Lebanon seemed to have recovered over the past year and a half from a series of bombings claimed by Sunni militant groups as revenge for the intervention by Hezbollah, the Lebanon-based Shiite militia, in the Syrian civil war to provide critical support for the Syrian government.

Some blamed news coverage for the perception that Beirut was still an active war zone. They cited headlines β€” including, briefly, a Times one that was soon changed to be more precise β€” that refer to the predominantly Shiite neighborhood where the bombing took place as a β€œstronghold” of the militia and political party Hezbollah.

That is hard to dispute in the political sense β€” Hezbollah controls security in the neighborhood and is highly popular there, along with the allied Amal party. But critics say the phrase risks portraying a busy civilian, residential and commercial district as a justifiable military target.

Meanwhile, Syrians fretted that the brunt of reaction to both attacks would fall on them. There are a million Syrians in Lebanon, a country of four million; some have become desperate enough to contemplate joining the accelerating flow of those taking smugglers’ boats to Europe.

But now, the attacks could rally political pressure in Europe to stop admitting them. When evidence emerged that at least one of the Paris attackers may have posed as an asylum seeker to reach Europe, some opponents of the migration quickly used that to argue for closing the doors.
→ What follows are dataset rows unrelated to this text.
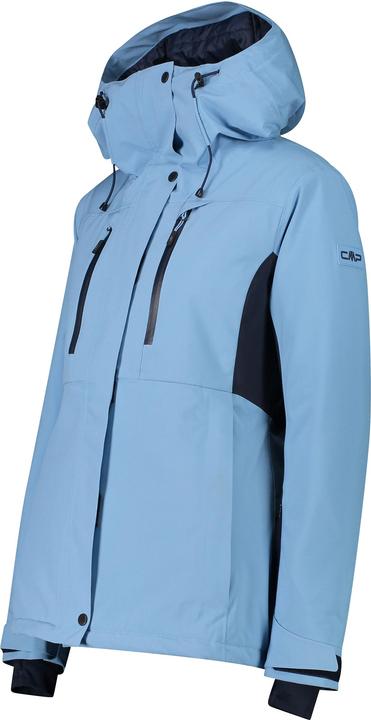 Actual product image CMP Campagnolo Hoodie (36)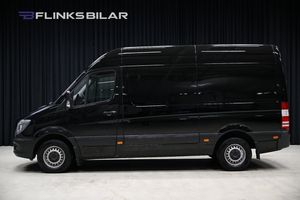 Mercedes Sprinter bild 3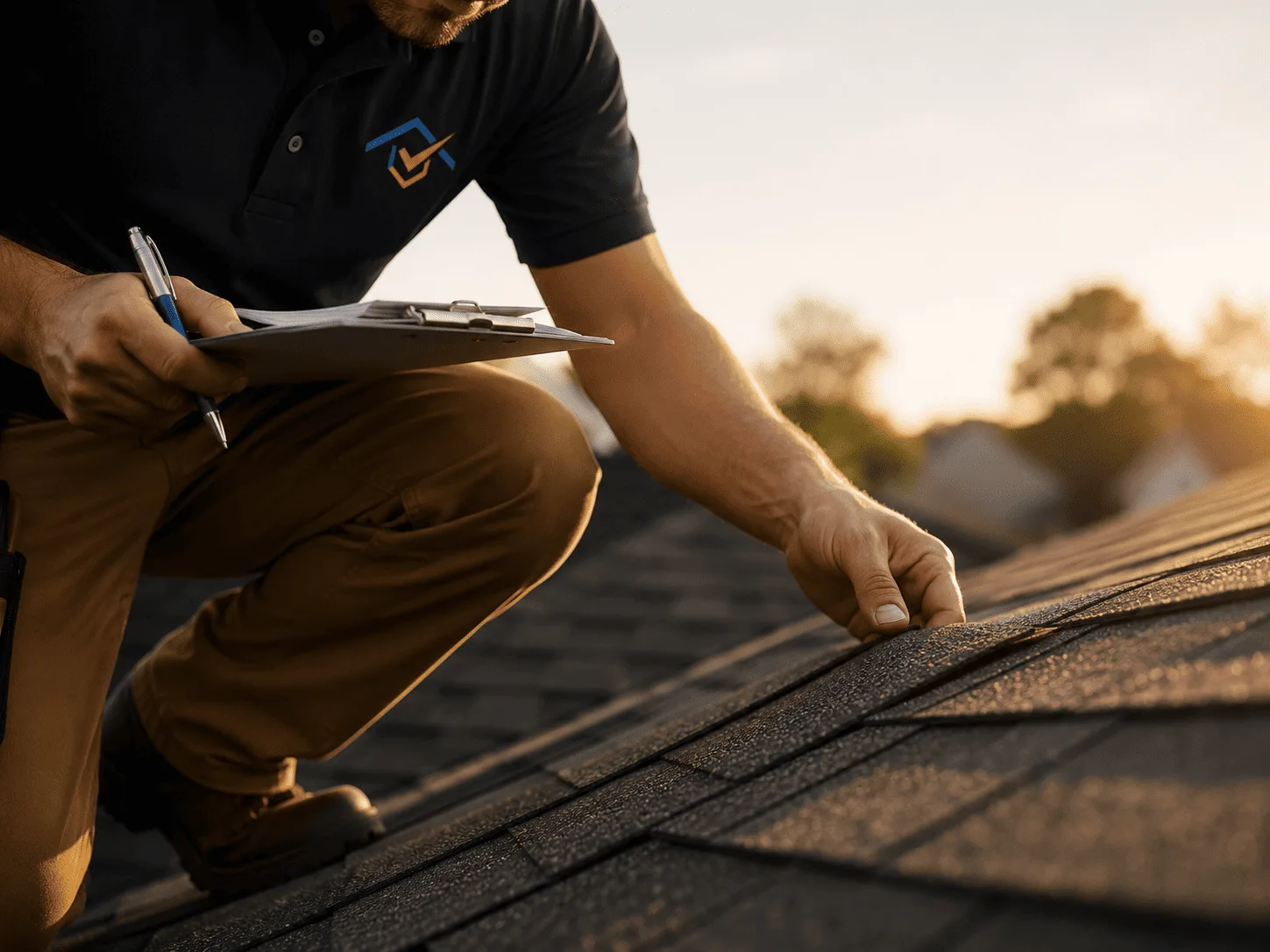 Why Choose Roof Inspection in Fort Harrison, MT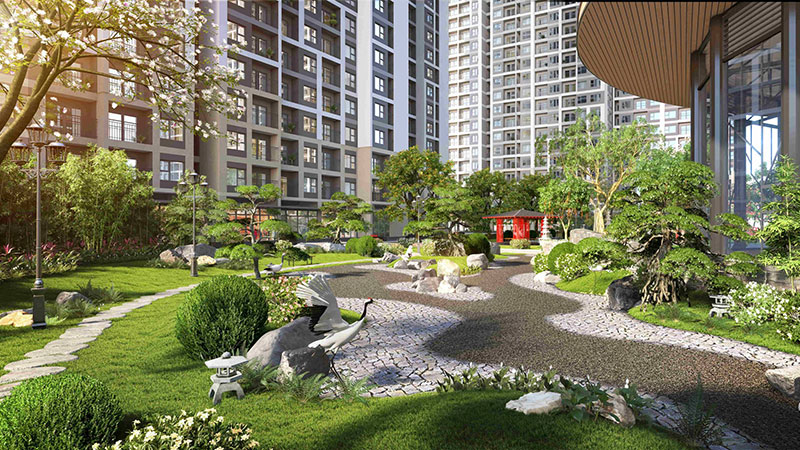 Vinhomes Smart City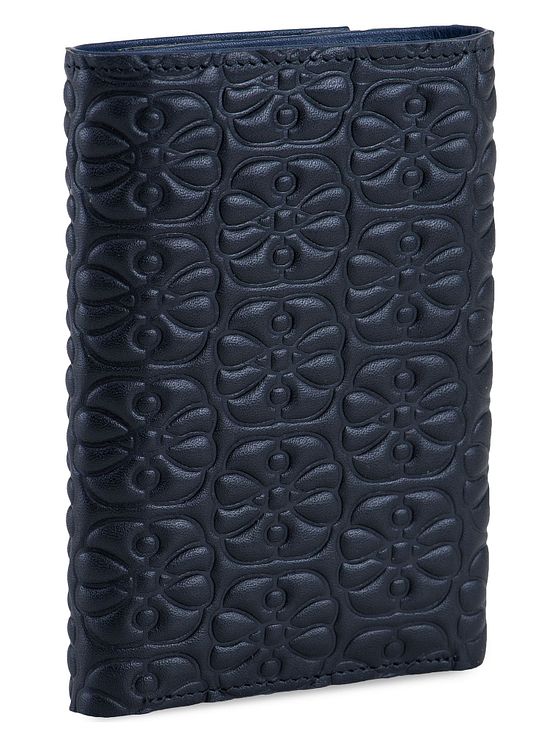 Mywalit Pung i læder 12 cm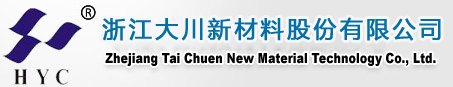 Zhejiang Tai Chuen New Material Technology Co., Ltd.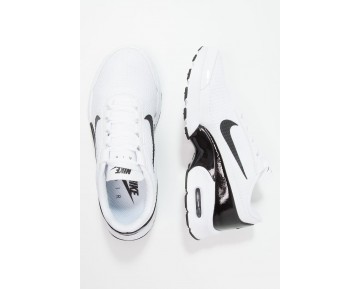 Nike Air Max Jewell Schuhe Low NIK7ksw-Weiß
That drew sharp reactions from Syrians, who said refugees were fleeing to Europe precisely to escape indiscriminate violence.

FM
Originally Posted by RiffRaff:

no comment!

 

How about some Lebanese flags to sympathize with the people of Lebanon?

Lebanon is ruled by clans each with their own flag and. That place is still to get it back to normal after decades of war. I always want to go to Lebanon but that will never be with one needing a "passport" to travel between the various fiefdoms.